Pictures with short captions:
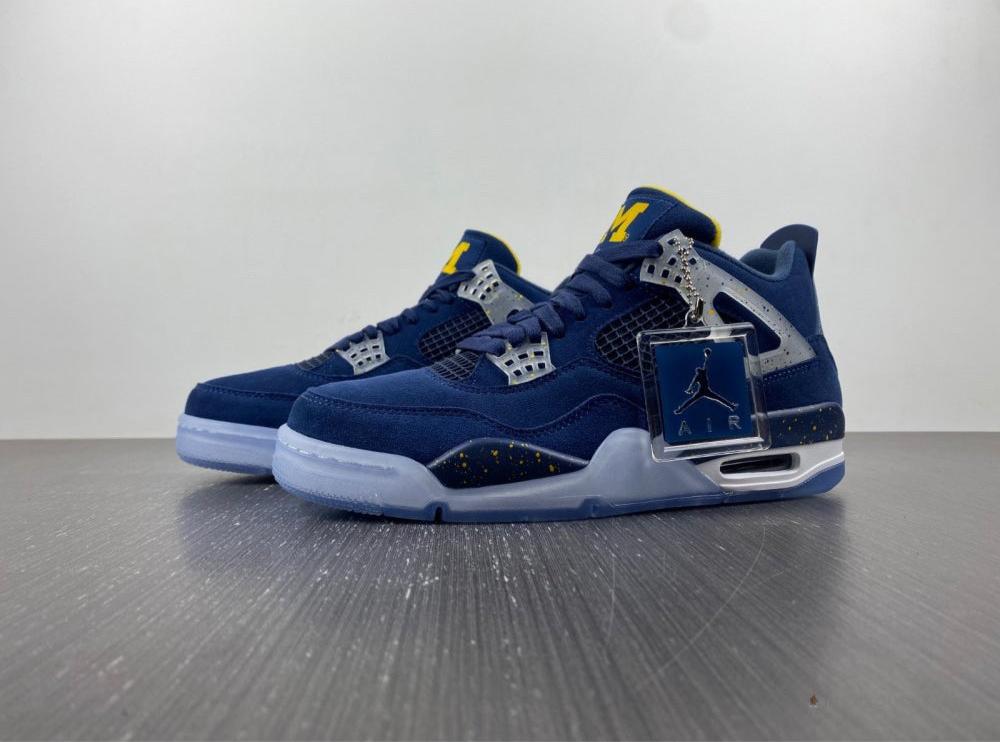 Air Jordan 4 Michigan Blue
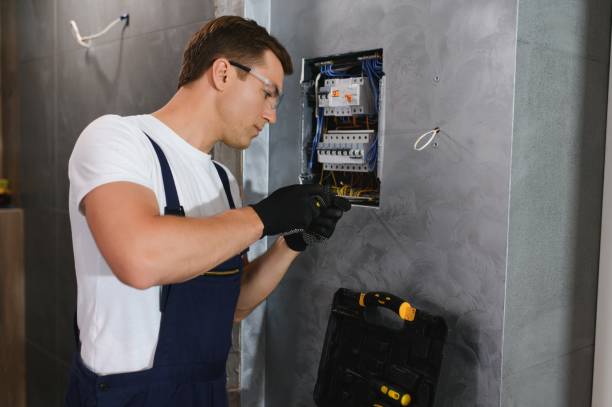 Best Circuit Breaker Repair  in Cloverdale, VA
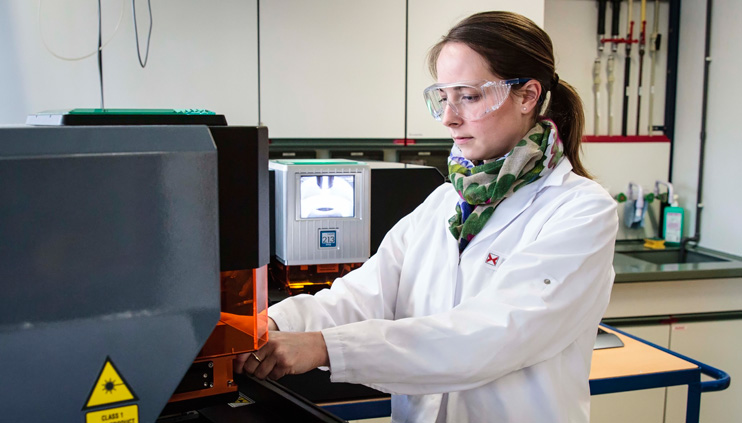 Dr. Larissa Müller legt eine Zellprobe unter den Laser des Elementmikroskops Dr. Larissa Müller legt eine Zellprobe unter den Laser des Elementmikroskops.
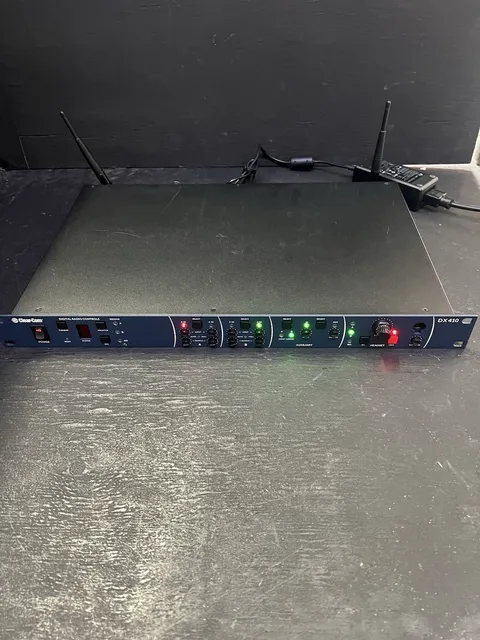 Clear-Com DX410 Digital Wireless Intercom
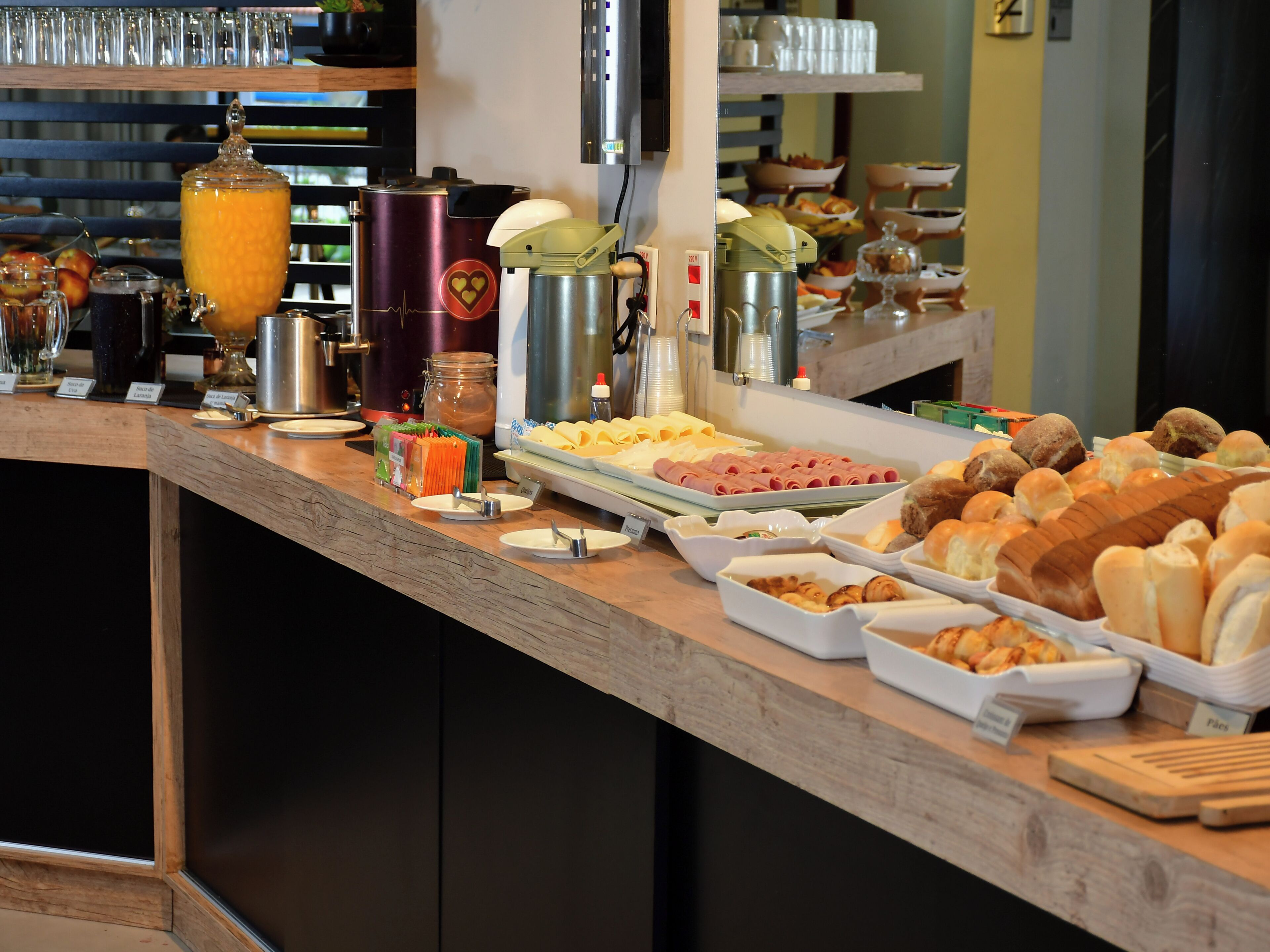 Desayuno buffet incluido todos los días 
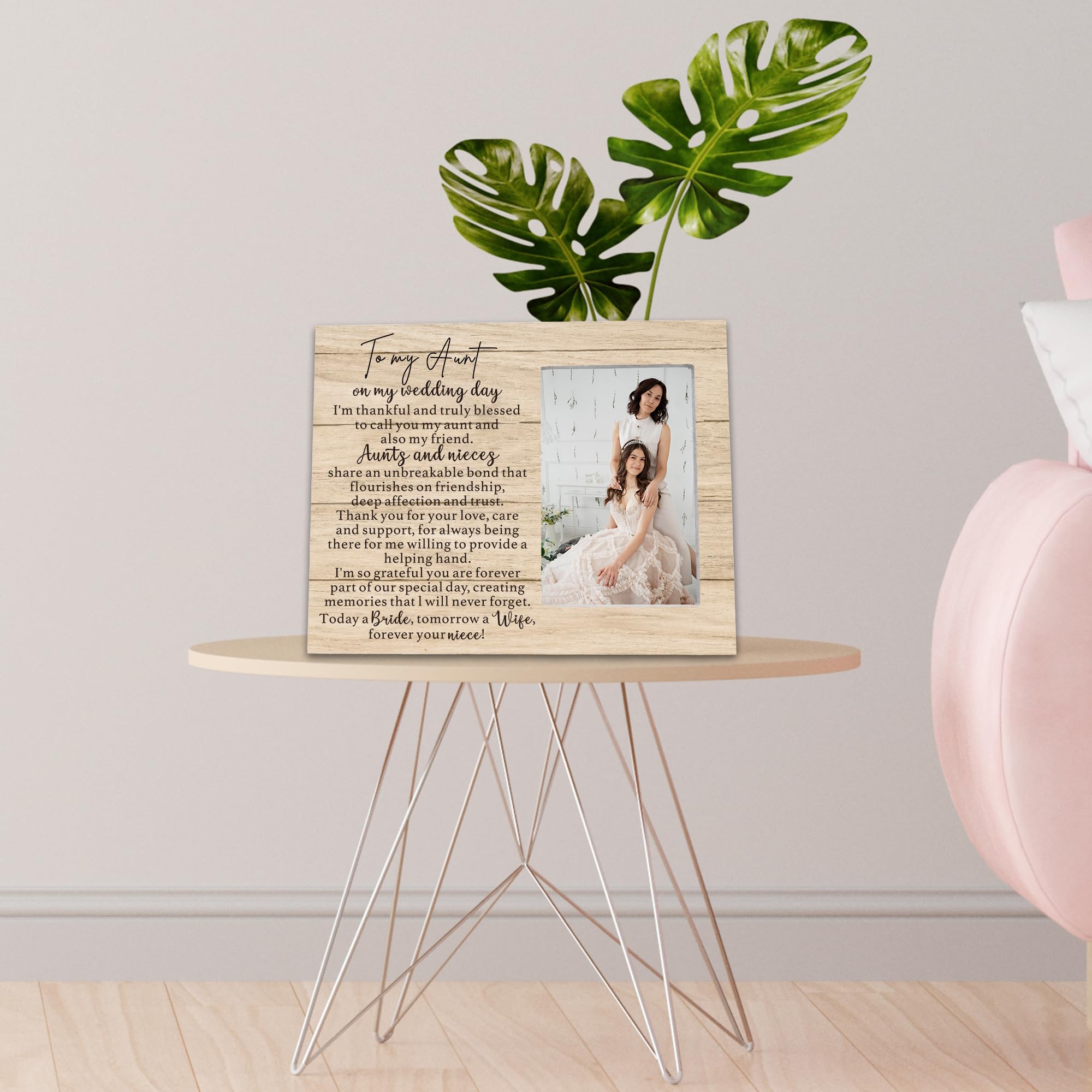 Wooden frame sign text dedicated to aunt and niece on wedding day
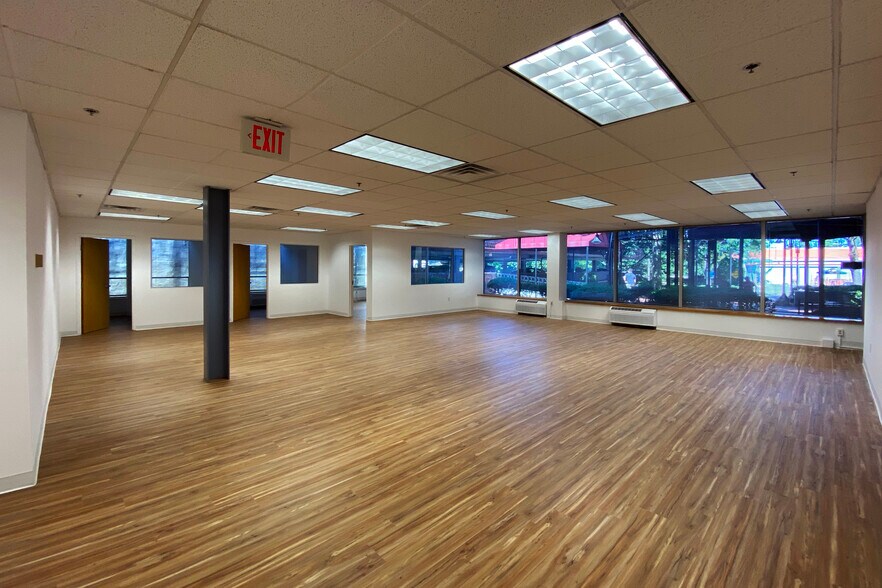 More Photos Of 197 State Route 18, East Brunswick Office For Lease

Description of the task: Copy exactly the lines from the line containing "Wooden frame sign" through the last line of the records above, both included, and leave out any pictures.

Your solution:
 Wooden frame sign text dedicated to aunt and niece on wedding day
 More Photos Of 197 State Route 18, East Brunswick Office For Lease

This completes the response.